1. Ensure the Smaller Array is First:

   • This step is to make sure we always perform the binary search on the smaller array, which helps us manage the partition logic more easily. Let $\text{nums1}$ be the smaller array and $\text{nums2}$ be the larger array.

2. Set Up Binary Search:

   • Initialize $\text{low}$ and $\text{high}$ pointers for the binary search on $\text{nums1}$.
   • We aim to partition $\text{nums1}$ and $\text{nums2}$ such that the left side of the combined arrays contains half of the elements, and the right side contains the other half.

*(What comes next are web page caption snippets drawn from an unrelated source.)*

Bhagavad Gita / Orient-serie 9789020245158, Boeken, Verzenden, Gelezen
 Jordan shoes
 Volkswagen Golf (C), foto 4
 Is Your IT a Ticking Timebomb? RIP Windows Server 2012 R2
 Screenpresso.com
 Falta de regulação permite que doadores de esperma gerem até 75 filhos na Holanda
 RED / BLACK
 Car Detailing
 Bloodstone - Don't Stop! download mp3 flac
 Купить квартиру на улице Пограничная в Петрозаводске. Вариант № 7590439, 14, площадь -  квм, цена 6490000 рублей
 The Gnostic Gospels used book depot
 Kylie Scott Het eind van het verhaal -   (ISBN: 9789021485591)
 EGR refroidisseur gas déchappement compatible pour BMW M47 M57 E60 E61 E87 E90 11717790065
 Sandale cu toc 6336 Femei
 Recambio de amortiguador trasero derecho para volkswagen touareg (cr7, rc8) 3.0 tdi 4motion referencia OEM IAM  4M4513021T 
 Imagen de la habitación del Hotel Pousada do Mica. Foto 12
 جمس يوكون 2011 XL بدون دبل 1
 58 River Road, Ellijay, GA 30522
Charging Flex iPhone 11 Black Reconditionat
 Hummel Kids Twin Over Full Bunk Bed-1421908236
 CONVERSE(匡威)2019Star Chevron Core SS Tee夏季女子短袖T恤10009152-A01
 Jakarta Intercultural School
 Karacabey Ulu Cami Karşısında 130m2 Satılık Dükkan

3. Partitioning the Arrays:

   • Calculate $\text{partitionX}$ as the midpoint of $\text{nums1}$.
   • Calculate $\text{partitionY}$ such that the left side of the combined arrays has the same number of elements as the right side. This can be achieved by:

   $$\text{partitionY} = \frac{(x + y + 1)}{2} - \text{partitionX}$$

   where $x$ and $y$ are the lengths of $\text{nums1}$ and $\text{nums2}$ respectively.

4. Boundary Conditions:

   • Handle cases where partitions might go out of bounds. If $\text{partitionX}$ is 0, it means there are no elements on the left side of $\text{nums1}$. If $\text{partitionX}$ is $x$, it means there are no elements on the right side of $\text{nums1}$.

5. Check Valid Partition:

   • A valid partition is one where the maximum element on the left side of both partitions is less than or equal to the minimum element on the right side of both partitions:

     $$\text{maxX} \leq \text{minY} \quad \text{and} \quad \text{maxY} \leq \text{minX}$$

   Here, $\text{maxX}$ is the largest element on the left side of $\text{nums1}$, $\text{minX}$ is the smallest element on the right side of $\text{nums1}$, and similarly for $\text{nums2}$.

6. Calculate the Median:

   • If the total number of elements $(x + y)$ is even, the median is the average of the two middle values:
     $$\text{median} = \frac{\text{max(maxX, maxY)} + \text{min(minX, minY)}}{2}$$
   • If the total number of elements is odd, the median is the maximum element of the left partition:
     $$\text{median} = \text{max(maxX, maxY)}$$

7. Adjust Binary Search:

   • If $\text{maxX} > \text{minY}$, it means we need to move the partition in $\text{nums1}$ to the left, so adjust $\text{high}$.
   • If $\text{maxY} > \text{minX}$, it means we need to move the partition in $\text{nums1}$ to the right, so adjust $\text{low}$.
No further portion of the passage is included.